Teichmann S A, Park J, Chothia C
Medical Research Council Laboratory of Molecular Biology, Hills Road, Cambridge, CB2 2QH, United Kingdom.
Proc Natl Acad Sci U S A. 1998 Dec 8;95(25):14658-63. doi: 10.1073/pnas.95.25.14658.

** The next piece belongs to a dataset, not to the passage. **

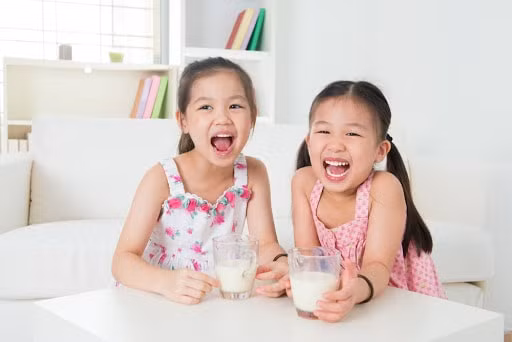 Bổ sung dinh dưỡng đầy đủ sẽ giúp trẻ có đủ năng lượng, tăng sức đề kháng cho cơ thể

The parasitic bacterium Mycoplasma genitalium has a small, reduced genome with close to a basic set of genes. As a first step toward determining the families of protein domains that form the products of these genes, we have used the multiple sequence programs PSI-BLAST and GEANFAMMER to match the sequences of the 467 gene products of M. genitalium to the sequences of the domains that form proteins of known structure [Protein Data Bank (PDB) sequences]. PDB sequences (274) match all of 106 M. genitalium sequences and some parts of another 85; thus, 41% of its total sequences are matched in all or part. The evolutionary relationships of the PDB domains that match M. genitalium are described in the structural classification of proteins (SCOP) database. Using this information, we show that the domains in the matched M. genitalium sequences come from 114 superfamilies and that 58% of them have arisen by gene duplication. This level of duplication is more than twice that found by using pairwise sequence comparisons. The PDB domain matches also describe the domain structure of the matched sequences: just over a quarter contain one domain and the rest have combinations of two or more domains.
寄生细菌生殖支原体拥有一个小的、精简的基因组,带有近乎一套基本的基因。作为确定构成这些基因产物的蛋白质结构域家族的第一步,我们使用了多重序列程序PSI-BLAST和GEANFAMMER,将生殖支原体467个基因产物的序列与构成已知结构蛋白质的结构域序列[蛋白质数据库(PDB)序列]进行匹配。PDB序列(274个)与106个生殖支原体序列全部匹配,与另外85个序列的部分区域匹配;因此,其总序列的41%全部或部分得到了匹配。与生殖支原体匹配的PDB结构域的进化关系在蛋白质结构分类(SCOP)数据库中有描述。利用这些信息,我们表明,匹配的生殖支原体序列中的结构域来自114个超家族,其中58%通过基因复制产生。这种复制水平是通过成对序列比较所发现水平的两倍多。PDB结构域匹配还描述了匹配序列的结构域结构:略超过四分之一包含一个结构域,其余的具有两个或更多结构域的组合。